Le procès n’aura duré qu’une heure, de 8 h 30 à 9 h 30. Suffisamment pour que le Tribunal populaire de Hô Chi Minh-Ville inflige, le 12 mars dernier, une peine de vingt mois de prison ferme au religieux bouddhiste Thich Tri Luc, pour avoir franchi la frontière en vue de s’opposer au pouvoir populaire. Les débats se sont déroulés à huis clos, sans avocat. La famille du prévenu n’a été prévenue du procès que la veille de sa tenue. Le religieux ayant déjà purgé dix-neuf mois et quinze jours de prison préventive devrait être libéré dans les deux semaines à venir (1).

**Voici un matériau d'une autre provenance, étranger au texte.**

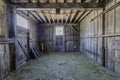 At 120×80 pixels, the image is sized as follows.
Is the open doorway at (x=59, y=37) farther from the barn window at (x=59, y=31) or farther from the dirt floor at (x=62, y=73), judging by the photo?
the dirt floor at (x=62, y=73)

Le religieux originaire de la province de Thua Thiên est âgé de 49 ans ; il avait fui son pays pour le Cambodge au mois d’avril 2002, pour échapper aux pressions exercées sur lui par les pouvoirs publics de son pays, en raison de son appartenance au bouddhisme unifié. Il avait sans peine obtenu le statut de réfugié au Cambodge, octroyé le 28 juin 2002 par le Haut Commissariat aux réfugiés de l’ONU à Phnom Penh. Or, dans la nuit du 25 juillet suivant, le nouveau réfugié disparaissait de son domicile. Cette nuit-là, selon des sources cambodgiennes, une personne en civil, non identifiée, mais que l’on soupçonnait appartenir à la police secrète vietnamienne, aurait invité le religieux à le suivre (2). Puis on resta longtemps sans nouvelles de lui. Beaucoup d’observateurs en avaient conclu que l’intéressé avait été kidnappé par la Sûreté vietnamienne, ramené de force au Vietnam pour y être interné, voire éliminé. Cependant, le porte-parole du ministère des Affaires étrangères de l’époque avait publiquement rejeté – en la qualifiant de calomnie – cette éventualité directement évoquée par le Bureau international d’information bouddhiste dans un communiqué de presse.

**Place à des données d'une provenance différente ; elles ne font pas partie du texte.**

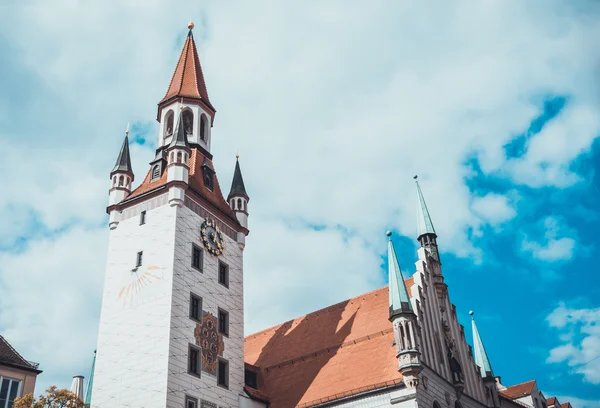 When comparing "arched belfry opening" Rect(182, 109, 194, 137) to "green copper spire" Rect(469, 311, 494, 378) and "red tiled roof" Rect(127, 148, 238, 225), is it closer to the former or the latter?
"red tiled roof" Rect(127, 148, 238, 225)

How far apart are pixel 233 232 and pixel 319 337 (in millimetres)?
8171

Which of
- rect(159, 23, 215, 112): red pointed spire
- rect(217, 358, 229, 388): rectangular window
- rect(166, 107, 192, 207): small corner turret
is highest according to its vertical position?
rect(159, 23, 215, 112): red pointed spire

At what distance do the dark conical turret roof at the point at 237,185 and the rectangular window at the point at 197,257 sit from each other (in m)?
7.15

Il aura fallu attendre plus d’un an pour que l’hypothèse exprimée à l’époque s’avère fondée et que la thèse de l’enlèvement par la police vietnamienne soit indirectement confirmée par les pouvoirs publics de ce pays. En effet, au mois de juillet 2003, la famille du religieux au Vietnam reçut une convocation à un procès qui aurait dû avoir lieu le 1er août suivant, durant lequel Pham Van Tuong, qui est le nom d’état-civil de Thich Tri Luc, aurait dû être jugé. Par la suite, le procès fut reporté à une date ultérieure. Cette convocation permit aux proches du religieux victime du kidnapping gouvernemental de savoir que celui-ci était détenu à Hô Chi Minh-Ville, tout en ignorant absolument la nature des accusations qui étaient portées contre lui (3). La confirmation implicite de l’enlèvement du religieux bouddhiste a suscité les vigoureuses protestations de nombreuses organisations internationales, comme Amnesty International et Human Rights Watch.

Thich Tri Luc a été disciple du vénérable Thich Dôn Hâu qui fut patriarche du bouddhisme unifié et désigna le vénérable Thich Huyên Quang comme son successeur, avant sa mort le 23 avril 1992 (4). Depuis le changement de régime de 1975, le religieux a mené une vie passablement mouvementée. Arrêté une première fois en 1992 et emprisonné dix mois durant, il subit des pressions de la part des autorités l’incitant à devenir un collaborateur secret de la police. Il refusa et envisagea même de s’immoler par le feu en signe de protestation. Plus tard, en 1994, il faisait partie d’une délégation bouddhiste, chargée de porter secours aux victimes des inondations du Mékong, mais empêchée par la police d’accomplir sa mission (5). Un procès eut lieu à Hô Chi Minh-Ville le 15 août 1995 qui condamna les divers accusés à des peines allant de deux ans et demi à cinq ans de prison (6). Thich Tri Luc écopa de deux ans et demi de prison, peine pour laquelle il refusa de demander un recours (7) et qu’il purgea dans un camp de rééducation à Xuân Lôc. Cet internement fut suivi d’une assignation à résidence et de l’interdiction d’exercer toutes activités religieuses publiques. Ces derniers temps, la situation était devenue si insupportable qu’il prit la décision de quitter la vie religieuse et de s’enfuir au Cambodge.